No hurry, first we Finno-Ugrians need a forum of our own!!

_Don't you think this starts to resemble chatspeak? Lopetetaan hyvän sään aikana. ("Let's stop when the weather is still good")._


----------



## Encolpius

sakvaka said:


> No hurry, first we Finno-Ugrians need a forum of our own!!
> 
> _Don't you think this starts to resemble chatspeak? Lopetetaan hyvän sään aikana. ("Let's stop when the weather is still good")._



First I should speak better Finnish to make better and more interesting comments.


----------



## ThomasK

Ok, back to reality. But still, regrettable that we do not have other visitors telling us about their hunger and appetite ! ;-)


----------



## Encolpius

ThomasK said:


> Ok, back to reality. But still, regrettable that we do not have other visitors telling us about their hunger and appetite ! ;-)



And I am afraid we are the last of the Mohicans here in this interesting multicultural, multi-linguistic, nations-gathering thread. See this. We may soon die out.


----------



## enoo

French : Faim (hunger), appétit (appetite)

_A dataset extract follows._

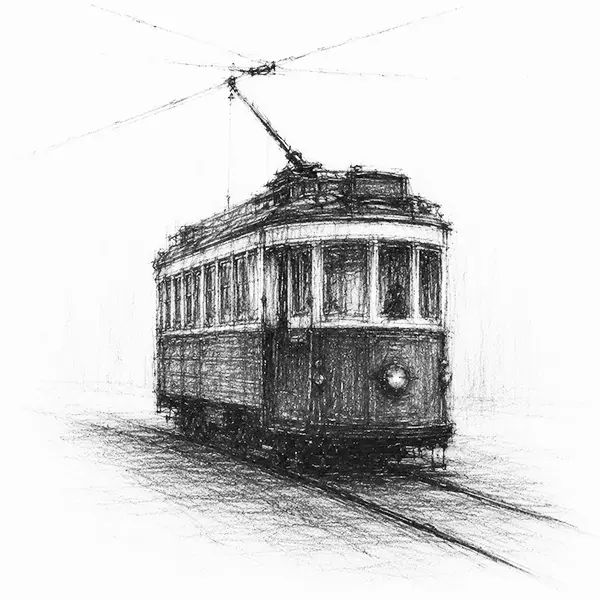 tram standing on its rails in thr rebuilt city street of Christchurch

(To me, in the food context, "appétit" can only be used after one started eating - so I guess it kind of "replace" hunger, yes. I see it as a temporal difference, more than a different feeling. Hmm... I'm not sure my explanation makes sense.)

It seems that Breton too has 2 different words, (respectively _naon_ and _kalon_) - but it would be better if a 'real' speaker could confirm.


----------



## ThomasK

Encolpius said:


> And I am afraid we are the last of the Mohicans here in this interesting multicultural, multi-linguistic, nations-gathering thread. See this. We may soon die out.


 
IN the meantime I have supported you in suggesting splitting up the thread. See over there !


----------